El compositor Anton Bruckner, «trovador de Dios», un regalo a la humanidad del espíritu benedictino

Su fe palpita en sus sinfonías no menos que en sus misas y su Te Deum

Hay música que hace mucho bien y otra que hace mucho daño. Así se pronunciaba Aristóteles al respecto en su Política: “La música incita de alguna manera a la virtud, en lo que ella es capaz; como la gimnasia proporciona al cuerpo ciertas cualidades, también la música infunde ciertas cualidades al carácter, acostumbrándolo a querer recrearse rectamente”.

Música y ética tienen mucho en común para el autor de la Ética a Nicómaco: “Y como resulta que la música es una de las cosas agradables y que la virtud consiste en gozar, amar y odiar de modo correcto, es evidente que nada debe aprenderse tanto y a nada debe habituarse tanto como a juzgar con rectitud y gozarse en las buenas disposiciones morales y en las acciones honrosas. Y, en los ritmos y en las melodías, se dan imitaciones muy perfectas de la verdadera naturaleza de la ira y de la mansedumbre, y también de la fortaleza y de la templanza y de sus contrarios y de las demás disposiciones morales (y es evidente por los hechos: cambiamos el estado de ánimo al escuchar tales acordes), y la costumbre de experimentar dolor y gozo en semejantes imitaciones está próxima a nuestra manera de sentir en presencia de la verdad de esos sentimientos”.
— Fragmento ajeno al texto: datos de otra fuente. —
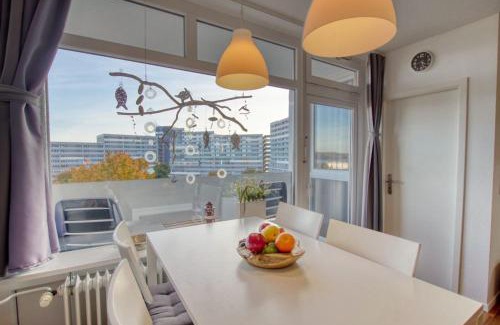 Heiligenhafen Apartment | Welcoming Ferienpark - Haus B, App 0B0505 with Family-Friendly Amenities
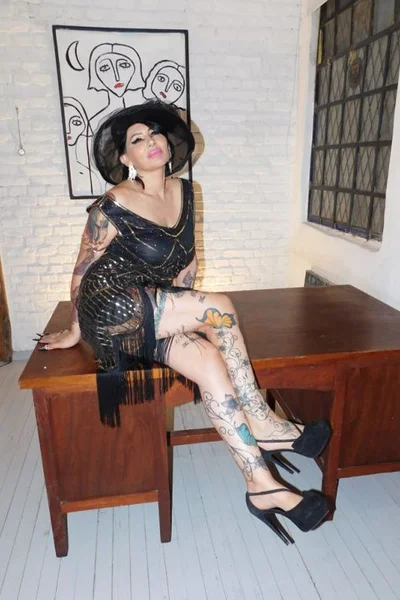 Dra. Perla Lopez (40 años) — Belgrano, Argentina - 91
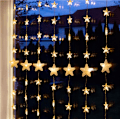 Pikkukuva 7 / 10: Goobay 80 LED stjärngardin med fjärrkontroll, timerfunktion, 8 ljuslägen, dimmer och 31 V extern transformator, varmvitt (3000 K)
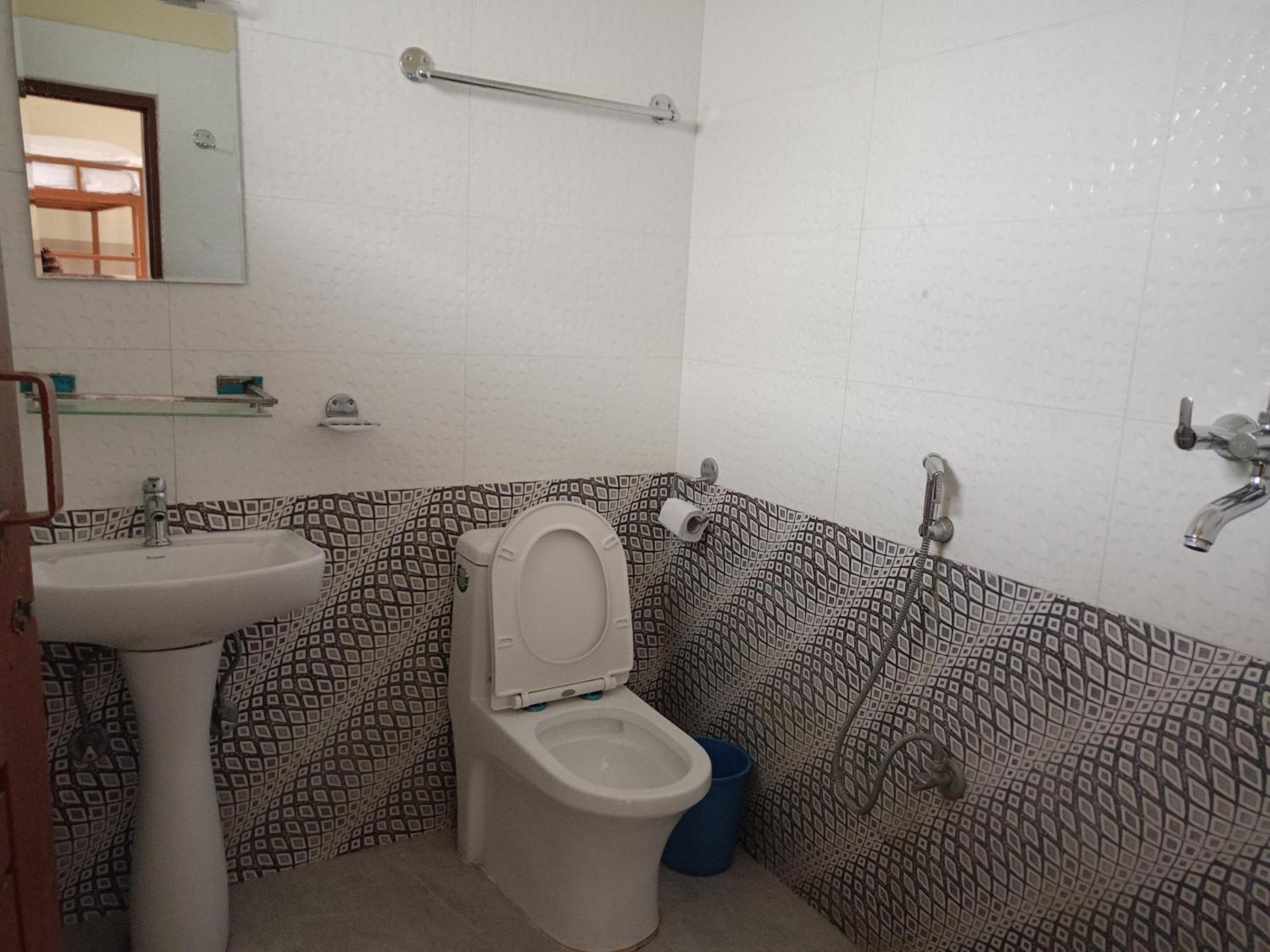 Pokhara Metro Eco Hotel Стая снимка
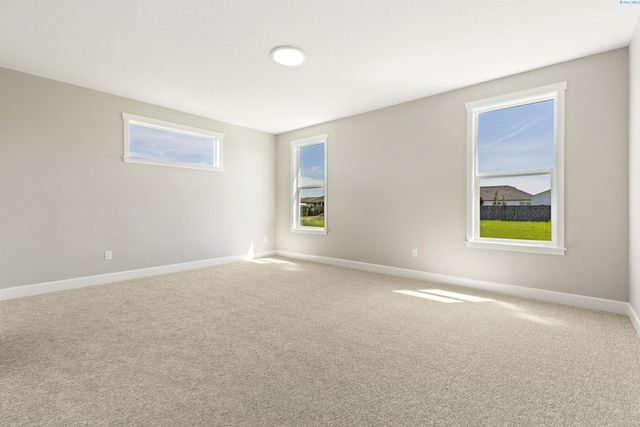 6627 Lazy B Drive, Pasco, WA 98301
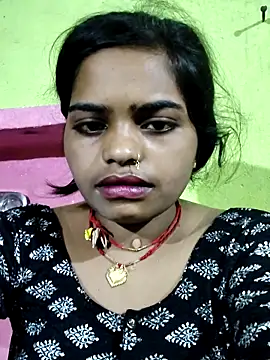 Snapshot of Bebo_Sweety143 chatting on 09.24.25 Bebo Sweety143 online show from 09.24.25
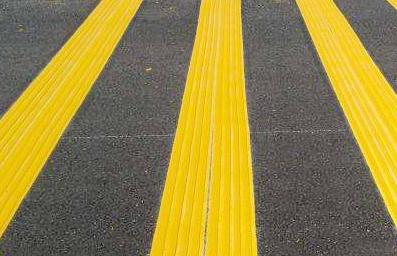 這8種不同顏色、形態(tài)的道路交通標(biāo)線，有什么作用呢？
La música y el amor divino

El espíritu benedictino original estaba bien familiarizado con lo mejor de la filosofía griega, aunque no con la de Aristóteles, que entra en juego dentro de la teología sólo más tarde, gracias a San Alberto Magno y Santo Tomás de Aquino.

Los monjes traductores de los clásicos grecolatinos, tan infatigablemente consagrados a su tarea, construyeron los cimientos de la civilización occidental cristiana en los tiempos del declive del imperio romano, siguiendo una regla que privilegiaba la rectitud y la virtud, tan caras al pensamiento y la conducta peripatéticos, pero en un sentido aún más encumbrado: existían en oración trabajando para Dios, edificando su reino en la tierra.

No es casual entonces que los benedictinos fueran y sean entonces, hasta hoy, cultores del canto gregoriano, amantes de la música que hace el mayor bien.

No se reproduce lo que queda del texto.